GPU and CPU Acceleration

CPU Multi-Threading

The kernels and solvers implemented in FLOWPanel are parallelized (threaded) in CPU by default. However, in order to activate the CPU parallelization, the user needs to launch Julia with multi-threading activated. For instance, to launch Julia with 4 threads:

$ julia --threads 4

You can then verify that the 4 threads became available:

julia> Threads.nthreads()
4

Porting to GPU

The solver can be seamlessly ported to GPU by indicating the type of array to be used internally. The Julia GPU interface is the same for any GPU hardware and platform (NVIDIA CUDA, AMD ROCm, and Mac Metal), however, we have only tested NVIDIA GPUs.
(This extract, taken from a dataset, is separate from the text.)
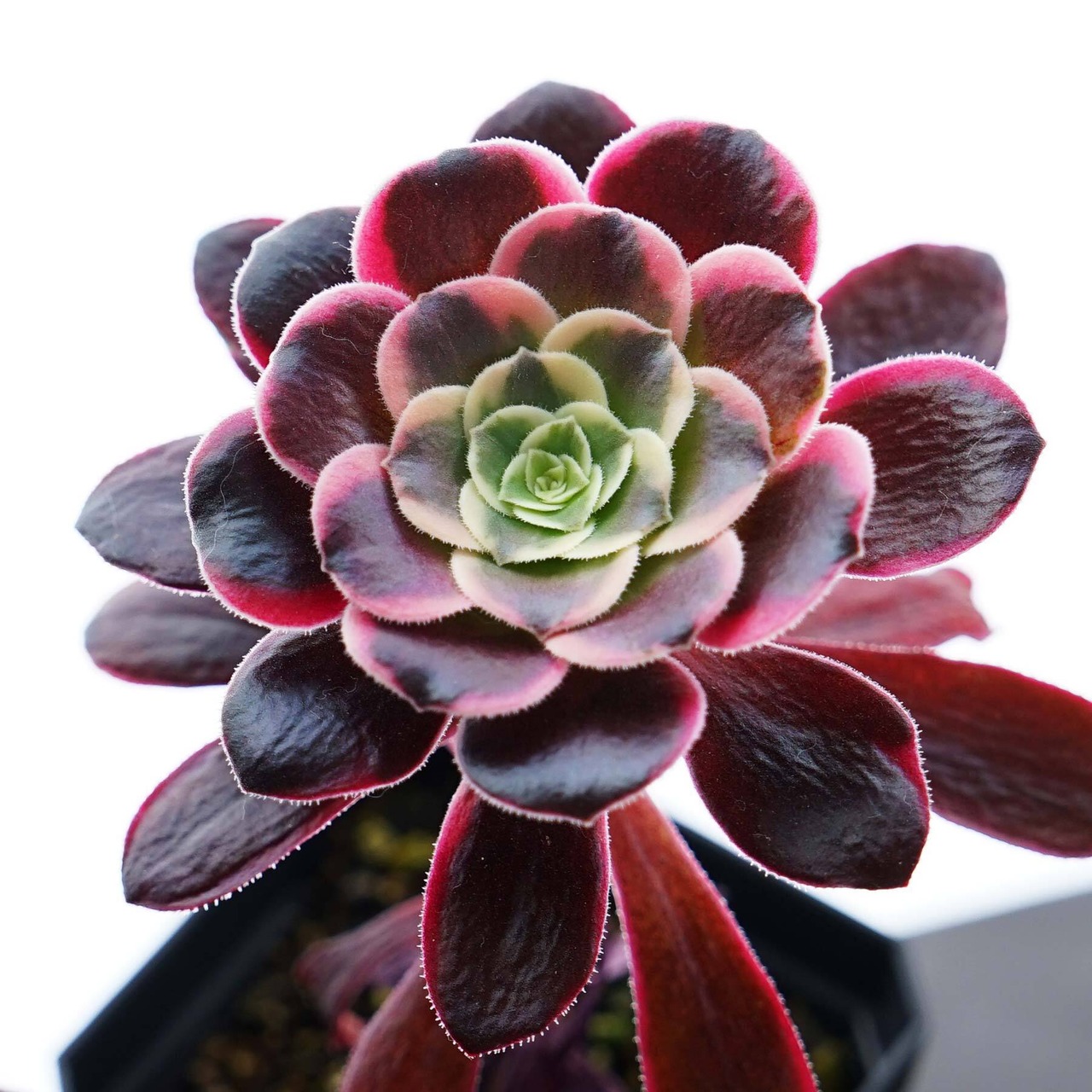 抜き苗 アエオニウム 札落ち（メデューサ？） 単頭 Aeonium sp. ('Medusa'?)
For an NVIDIA GPU, first import the CUDA package before running the code of the previous section,

julia> import CUDA

check that the GPU hardware is ready to be used,

julia> CUDA.functional()
true

and instead of letting the solver default its internal arrays to CPU, change the solver call from

julia> pnl.solve(body, Uinfs, Das, Dbs)

to

julia> pnl.solve(body, Uinfs, Das, Dbs; GPUArray=CUDA.CuArray{Float32})

For AMD GPU:

julia> import AMDGPU
julia> AMDGPU.functional()
true
julia> AMDGPU.functional(:MIOpen)
true
julia> pnl.solve(body, Uinfs, Das, Dbs; GPUArray=AMDGPU.ROCArray{Float32})

For Metal GPU:

julia> import Metal
julia> Metal.functional()
true
julia> pnl.solve(body, Uinfs, Das, Dbs; GPUArray=Metal.MtlArray{Float32})
GPU

We have only tested NVIDIA GPUs